TASK DATA Start Marker

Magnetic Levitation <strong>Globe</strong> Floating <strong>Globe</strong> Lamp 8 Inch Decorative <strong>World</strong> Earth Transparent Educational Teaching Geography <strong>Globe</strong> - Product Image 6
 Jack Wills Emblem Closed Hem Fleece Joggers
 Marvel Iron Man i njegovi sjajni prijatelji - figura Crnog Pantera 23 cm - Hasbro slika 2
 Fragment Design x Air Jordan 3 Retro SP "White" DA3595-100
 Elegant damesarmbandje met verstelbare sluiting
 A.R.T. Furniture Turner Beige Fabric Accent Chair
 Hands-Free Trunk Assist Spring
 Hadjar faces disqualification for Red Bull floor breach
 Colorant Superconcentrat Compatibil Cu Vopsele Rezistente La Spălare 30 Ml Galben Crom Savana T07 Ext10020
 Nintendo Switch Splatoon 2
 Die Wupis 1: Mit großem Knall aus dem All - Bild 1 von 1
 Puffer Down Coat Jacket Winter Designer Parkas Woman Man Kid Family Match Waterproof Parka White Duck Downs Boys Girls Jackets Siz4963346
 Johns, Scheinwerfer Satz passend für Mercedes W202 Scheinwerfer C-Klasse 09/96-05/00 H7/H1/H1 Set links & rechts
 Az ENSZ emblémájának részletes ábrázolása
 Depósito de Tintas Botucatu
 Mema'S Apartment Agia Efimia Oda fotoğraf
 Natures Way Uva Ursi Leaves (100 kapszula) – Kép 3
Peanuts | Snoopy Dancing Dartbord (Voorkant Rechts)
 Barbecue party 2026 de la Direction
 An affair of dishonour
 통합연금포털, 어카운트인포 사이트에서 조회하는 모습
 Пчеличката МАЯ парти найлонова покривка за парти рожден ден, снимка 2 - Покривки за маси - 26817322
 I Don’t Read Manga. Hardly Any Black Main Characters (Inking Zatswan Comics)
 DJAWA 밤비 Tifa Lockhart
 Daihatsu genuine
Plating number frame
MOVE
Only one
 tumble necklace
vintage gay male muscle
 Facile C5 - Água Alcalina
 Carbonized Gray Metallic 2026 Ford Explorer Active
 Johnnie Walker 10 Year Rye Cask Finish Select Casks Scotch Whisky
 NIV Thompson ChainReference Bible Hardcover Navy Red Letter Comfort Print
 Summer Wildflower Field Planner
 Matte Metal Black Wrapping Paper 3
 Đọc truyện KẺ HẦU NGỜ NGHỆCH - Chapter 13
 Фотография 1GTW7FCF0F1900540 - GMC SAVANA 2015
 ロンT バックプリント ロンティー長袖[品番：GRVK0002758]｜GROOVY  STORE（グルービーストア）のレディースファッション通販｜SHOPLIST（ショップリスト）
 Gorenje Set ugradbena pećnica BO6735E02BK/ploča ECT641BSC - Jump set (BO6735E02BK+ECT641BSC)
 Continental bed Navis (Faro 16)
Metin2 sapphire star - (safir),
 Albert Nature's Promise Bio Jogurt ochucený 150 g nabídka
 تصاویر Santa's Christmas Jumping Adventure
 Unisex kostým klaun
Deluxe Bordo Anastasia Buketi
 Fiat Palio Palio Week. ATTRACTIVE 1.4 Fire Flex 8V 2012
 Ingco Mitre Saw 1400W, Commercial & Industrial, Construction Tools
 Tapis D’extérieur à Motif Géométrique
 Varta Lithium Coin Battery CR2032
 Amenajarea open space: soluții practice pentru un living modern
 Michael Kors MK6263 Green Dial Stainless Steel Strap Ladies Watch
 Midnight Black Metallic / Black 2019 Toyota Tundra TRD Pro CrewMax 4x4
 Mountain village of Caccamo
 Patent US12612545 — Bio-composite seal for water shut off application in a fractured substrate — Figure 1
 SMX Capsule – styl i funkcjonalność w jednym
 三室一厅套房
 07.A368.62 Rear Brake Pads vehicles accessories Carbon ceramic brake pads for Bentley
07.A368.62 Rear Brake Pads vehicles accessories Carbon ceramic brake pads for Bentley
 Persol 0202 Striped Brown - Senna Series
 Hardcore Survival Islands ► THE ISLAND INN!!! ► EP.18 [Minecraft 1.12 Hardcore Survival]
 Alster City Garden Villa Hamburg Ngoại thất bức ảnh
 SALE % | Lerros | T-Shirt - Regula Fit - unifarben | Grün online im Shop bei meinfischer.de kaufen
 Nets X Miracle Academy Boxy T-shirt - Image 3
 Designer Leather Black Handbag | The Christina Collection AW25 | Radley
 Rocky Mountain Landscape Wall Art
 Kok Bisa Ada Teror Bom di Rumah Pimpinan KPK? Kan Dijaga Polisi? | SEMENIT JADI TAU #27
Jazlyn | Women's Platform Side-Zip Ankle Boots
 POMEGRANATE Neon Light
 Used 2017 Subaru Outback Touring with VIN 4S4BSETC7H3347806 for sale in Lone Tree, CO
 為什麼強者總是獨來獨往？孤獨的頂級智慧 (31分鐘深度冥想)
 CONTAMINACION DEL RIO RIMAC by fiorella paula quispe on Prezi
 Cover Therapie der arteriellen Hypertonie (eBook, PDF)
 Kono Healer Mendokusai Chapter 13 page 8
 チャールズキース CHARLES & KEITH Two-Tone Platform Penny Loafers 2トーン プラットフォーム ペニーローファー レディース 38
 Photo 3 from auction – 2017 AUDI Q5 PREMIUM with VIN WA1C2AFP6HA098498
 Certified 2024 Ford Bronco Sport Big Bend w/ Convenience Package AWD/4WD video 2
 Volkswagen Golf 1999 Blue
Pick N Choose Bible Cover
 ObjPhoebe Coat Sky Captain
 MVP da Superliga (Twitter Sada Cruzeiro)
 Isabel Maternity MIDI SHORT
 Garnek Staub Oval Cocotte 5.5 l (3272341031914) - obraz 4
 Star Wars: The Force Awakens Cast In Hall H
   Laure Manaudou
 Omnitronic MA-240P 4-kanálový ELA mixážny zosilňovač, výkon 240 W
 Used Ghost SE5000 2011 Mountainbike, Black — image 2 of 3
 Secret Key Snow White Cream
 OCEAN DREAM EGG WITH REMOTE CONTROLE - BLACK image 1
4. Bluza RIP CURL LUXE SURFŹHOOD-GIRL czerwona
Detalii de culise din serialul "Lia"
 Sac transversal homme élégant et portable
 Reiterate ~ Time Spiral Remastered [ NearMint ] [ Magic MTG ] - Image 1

TASK DATA End Marker

=== DIRECTIONS ===
The required answer is the run of lines above, starting at the line with "Johnnie Walker 10" and ending at the line with "Фотография 1GTW7FCF0F1900540 - GMC", reproduced exactly with both ends.

=== ANSWER SPACE ===
 Johnnie Walker 10 Year Rye Cask Finish Select Casks Scotch Whisky
 NIV Thompson ChainReference Bible Hardcover Navy Red Letter Comfort Print
 Summer Wildflower Field Planner
 Matte Metal Black Wrapping Paper 3
 Đọc truyện KẺ HẦU NGỜ NGHỆCH - Chapter 13
 Фотография 1GTW7FCF0F1900540 - GMC SAVANA 2015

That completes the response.